Previous Year Examples
Check examples of project reports from last years:
https://courses.cs.ut.ee/2016/neuro/fall/Main/ProjectPages
https://courses.cs.ut.ee/2015/neuro/spring/Main/ProjectPages
https://courses.cs.ut.ee/2014/neuro/spring/Main/ProjectPages
DEADLINES
- Checkpoint 1: 05/11/2018 23:59:59
- Choose your topic and form teams. Upload the list of the team members and the topic you have selected under Project Checkpoint 1
- Being late penalty: -2.5 points
- Checkpoint 2: 19/11/2018 23:59:59
- Each group (3-4 students) has to fill in this project form (length should stay 1 page or so) and upload it under Project Checkpoint 2.
- Being late penalty: -2.5 points
- Checkpoint 3: 17/12/2018 23:59:59
- Create an empty version of your final report. Fill in the Introduction and Background sections. If you want, you can also start filling in Methods and Results. Upload it under Project Checkpoint 3.
- Being late penalty: -10 points
- REPORT DEADLINE: 25/01/2019 23:59:59
- Final Report should be ~15 pages (depending on the amount and size of images), this includes the references.
- Report format (advisory): It would be nice if you format your report like a scientific paper rather than a thesis. This means no title page, no table of contents, but with abstract, references, author contributions etc.
- People who presented in early January can keep on working on their project and add new results to the report until the late January presentation date.

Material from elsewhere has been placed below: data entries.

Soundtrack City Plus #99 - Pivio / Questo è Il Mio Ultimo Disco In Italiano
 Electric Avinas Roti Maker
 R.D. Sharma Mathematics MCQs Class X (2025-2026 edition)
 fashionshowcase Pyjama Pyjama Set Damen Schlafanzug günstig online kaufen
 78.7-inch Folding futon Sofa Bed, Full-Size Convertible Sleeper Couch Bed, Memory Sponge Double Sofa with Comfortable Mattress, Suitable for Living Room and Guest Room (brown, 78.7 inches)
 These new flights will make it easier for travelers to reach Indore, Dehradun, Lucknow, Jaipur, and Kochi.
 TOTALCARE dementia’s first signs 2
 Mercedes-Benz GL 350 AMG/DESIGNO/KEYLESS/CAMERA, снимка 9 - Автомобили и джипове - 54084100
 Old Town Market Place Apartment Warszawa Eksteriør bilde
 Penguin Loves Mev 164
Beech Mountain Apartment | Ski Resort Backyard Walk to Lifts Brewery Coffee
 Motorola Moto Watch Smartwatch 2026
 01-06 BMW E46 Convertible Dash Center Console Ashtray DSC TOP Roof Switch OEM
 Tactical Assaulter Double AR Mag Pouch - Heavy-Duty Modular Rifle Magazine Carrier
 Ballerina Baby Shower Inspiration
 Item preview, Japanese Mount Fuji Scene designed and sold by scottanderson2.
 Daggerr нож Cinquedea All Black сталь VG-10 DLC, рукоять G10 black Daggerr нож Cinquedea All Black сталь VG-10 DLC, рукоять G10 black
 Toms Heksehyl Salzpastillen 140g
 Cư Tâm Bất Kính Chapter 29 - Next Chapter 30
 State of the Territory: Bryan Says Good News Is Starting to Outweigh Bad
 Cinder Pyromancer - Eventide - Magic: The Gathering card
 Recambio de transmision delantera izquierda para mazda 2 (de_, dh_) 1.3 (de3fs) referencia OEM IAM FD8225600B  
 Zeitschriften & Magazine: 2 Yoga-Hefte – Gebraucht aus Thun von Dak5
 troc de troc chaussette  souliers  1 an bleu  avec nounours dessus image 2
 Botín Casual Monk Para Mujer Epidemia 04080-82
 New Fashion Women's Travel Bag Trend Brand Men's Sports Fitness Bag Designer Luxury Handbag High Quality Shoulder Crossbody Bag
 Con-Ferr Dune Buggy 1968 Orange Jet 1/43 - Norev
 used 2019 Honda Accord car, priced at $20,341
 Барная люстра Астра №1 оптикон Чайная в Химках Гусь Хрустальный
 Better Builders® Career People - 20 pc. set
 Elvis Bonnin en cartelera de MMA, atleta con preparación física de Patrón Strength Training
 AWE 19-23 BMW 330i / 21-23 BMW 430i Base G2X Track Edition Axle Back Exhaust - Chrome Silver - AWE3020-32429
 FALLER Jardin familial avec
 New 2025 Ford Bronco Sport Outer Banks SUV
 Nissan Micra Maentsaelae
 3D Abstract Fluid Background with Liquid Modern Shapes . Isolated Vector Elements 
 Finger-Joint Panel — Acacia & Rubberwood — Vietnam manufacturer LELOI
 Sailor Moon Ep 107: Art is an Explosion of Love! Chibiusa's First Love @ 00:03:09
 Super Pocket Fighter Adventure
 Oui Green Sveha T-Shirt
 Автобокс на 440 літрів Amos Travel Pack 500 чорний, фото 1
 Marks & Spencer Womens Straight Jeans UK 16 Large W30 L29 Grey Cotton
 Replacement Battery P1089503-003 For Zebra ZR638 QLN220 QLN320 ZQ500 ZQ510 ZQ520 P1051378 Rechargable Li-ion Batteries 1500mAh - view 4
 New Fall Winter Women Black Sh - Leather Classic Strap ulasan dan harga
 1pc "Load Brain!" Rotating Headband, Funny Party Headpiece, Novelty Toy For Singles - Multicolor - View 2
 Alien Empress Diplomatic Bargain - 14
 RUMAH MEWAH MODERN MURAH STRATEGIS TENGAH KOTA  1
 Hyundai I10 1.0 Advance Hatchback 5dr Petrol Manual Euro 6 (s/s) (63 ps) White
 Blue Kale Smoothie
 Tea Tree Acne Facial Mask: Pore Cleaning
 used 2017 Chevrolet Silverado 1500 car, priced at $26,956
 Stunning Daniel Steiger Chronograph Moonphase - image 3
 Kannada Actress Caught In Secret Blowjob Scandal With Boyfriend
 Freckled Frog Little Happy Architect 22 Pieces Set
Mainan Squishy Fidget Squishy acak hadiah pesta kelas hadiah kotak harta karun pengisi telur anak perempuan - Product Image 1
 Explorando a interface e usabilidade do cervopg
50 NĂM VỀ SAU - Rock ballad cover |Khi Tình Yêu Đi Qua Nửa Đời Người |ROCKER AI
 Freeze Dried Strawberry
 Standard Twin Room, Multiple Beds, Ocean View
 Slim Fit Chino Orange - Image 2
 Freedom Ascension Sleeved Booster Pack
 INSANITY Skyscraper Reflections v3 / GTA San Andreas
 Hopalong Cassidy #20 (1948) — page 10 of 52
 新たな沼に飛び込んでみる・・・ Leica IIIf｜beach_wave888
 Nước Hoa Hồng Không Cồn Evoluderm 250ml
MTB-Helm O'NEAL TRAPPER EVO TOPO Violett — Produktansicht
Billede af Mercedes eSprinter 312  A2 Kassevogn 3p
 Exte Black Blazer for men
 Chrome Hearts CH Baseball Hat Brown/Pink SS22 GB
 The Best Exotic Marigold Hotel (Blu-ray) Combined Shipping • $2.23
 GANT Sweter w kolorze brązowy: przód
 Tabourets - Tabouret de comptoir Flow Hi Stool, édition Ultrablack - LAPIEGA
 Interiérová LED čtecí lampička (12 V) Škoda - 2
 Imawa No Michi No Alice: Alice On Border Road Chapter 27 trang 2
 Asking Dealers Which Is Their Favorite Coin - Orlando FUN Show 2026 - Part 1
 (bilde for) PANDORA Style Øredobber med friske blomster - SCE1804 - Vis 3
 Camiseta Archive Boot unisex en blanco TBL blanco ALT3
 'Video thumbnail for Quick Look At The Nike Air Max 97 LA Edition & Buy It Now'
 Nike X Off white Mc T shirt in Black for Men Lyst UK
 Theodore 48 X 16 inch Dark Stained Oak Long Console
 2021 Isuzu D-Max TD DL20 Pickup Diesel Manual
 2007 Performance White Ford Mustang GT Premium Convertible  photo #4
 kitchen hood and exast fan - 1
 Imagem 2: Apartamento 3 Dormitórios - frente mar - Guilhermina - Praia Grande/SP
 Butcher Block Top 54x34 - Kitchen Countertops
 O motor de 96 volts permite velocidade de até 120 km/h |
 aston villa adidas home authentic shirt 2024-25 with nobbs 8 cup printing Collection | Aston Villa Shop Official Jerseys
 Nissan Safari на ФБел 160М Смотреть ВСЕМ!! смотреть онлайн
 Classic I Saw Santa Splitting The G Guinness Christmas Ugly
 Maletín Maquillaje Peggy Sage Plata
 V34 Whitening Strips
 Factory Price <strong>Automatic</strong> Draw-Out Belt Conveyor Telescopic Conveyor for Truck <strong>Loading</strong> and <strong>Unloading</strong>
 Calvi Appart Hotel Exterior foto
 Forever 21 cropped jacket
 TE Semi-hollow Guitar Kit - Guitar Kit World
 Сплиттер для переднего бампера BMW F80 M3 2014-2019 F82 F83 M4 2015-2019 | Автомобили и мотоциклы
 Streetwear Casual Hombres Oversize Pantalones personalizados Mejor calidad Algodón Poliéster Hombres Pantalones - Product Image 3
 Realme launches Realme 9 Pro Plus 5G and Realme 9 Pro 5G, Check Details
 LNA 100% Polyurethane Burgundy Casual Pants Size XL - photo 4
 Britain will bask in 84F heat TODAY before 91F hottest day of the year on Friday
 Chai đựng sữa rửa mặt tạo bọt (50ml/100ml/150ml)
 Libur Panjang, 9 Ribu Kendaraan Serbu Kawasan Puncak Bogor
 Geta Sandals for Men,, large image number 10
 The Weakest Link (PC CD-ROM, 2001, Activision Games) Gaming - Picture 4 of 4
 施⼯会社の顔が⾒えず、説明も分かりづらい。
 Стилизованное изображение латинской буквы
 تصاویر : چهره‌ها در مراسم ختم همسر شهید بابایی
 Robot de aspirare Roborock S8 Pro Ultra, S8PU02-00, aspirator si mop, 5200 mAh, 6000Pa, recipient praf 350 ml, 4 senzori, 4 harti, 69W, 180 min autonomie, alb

- Being late penalty: -inf points
- PRESENTATION:
- There is two presentation dates:
- 15/01/2019 - 12:00 - 15:00, Place: Ülikooli 17, room: 219
- 25/01/2019 - 14:00 - 17:00, Place: Liivi 2, room: 404
- To present in 15th of January you need to have results already. Methods and expected results are not enough. If you have no results yet (due to lack of GPU time for example), you need to postpone the presentation to 25th of January.
- You will have 10 min for the presentation and a few minutes for questions. You should limit your slids to fit into that time. No posters needed.
- If you want and your project allows you to, you can do a demo.
- There is two presentation dates:
The final report, code (or link to repository) and presentation slides must be submitted under Project - Final Submission.
Points
The project gives up to 40 points of your final grade:
- 20 for the content
- 10 for the appearance and structure of the report
- 10 for final presentation.
- However, the intermediate milestones are a wonderful way to lose points - if you fail to deliver or they are not thorough enough, you will be penalized.
- By default, all members of a group get the same amount of points. If you have complaints about a team member inform your supervisor immediately. Also, before starting, choose well who you work with (do not take freeloaders) . It is mandatory to put a section in your report who did what.
Topics
We presented our suggested projects during the project fair:
Topics can be chosen from HERE. However, feel free to suggest a project that motivates you.
Confirmed teams can be seen >>>Here under Projects sheet<<<
From >>HERE<< you can choose a topic during project fair.
It is highly recommended to set up a GitHub repository to store your code & text and manage the issue tracking.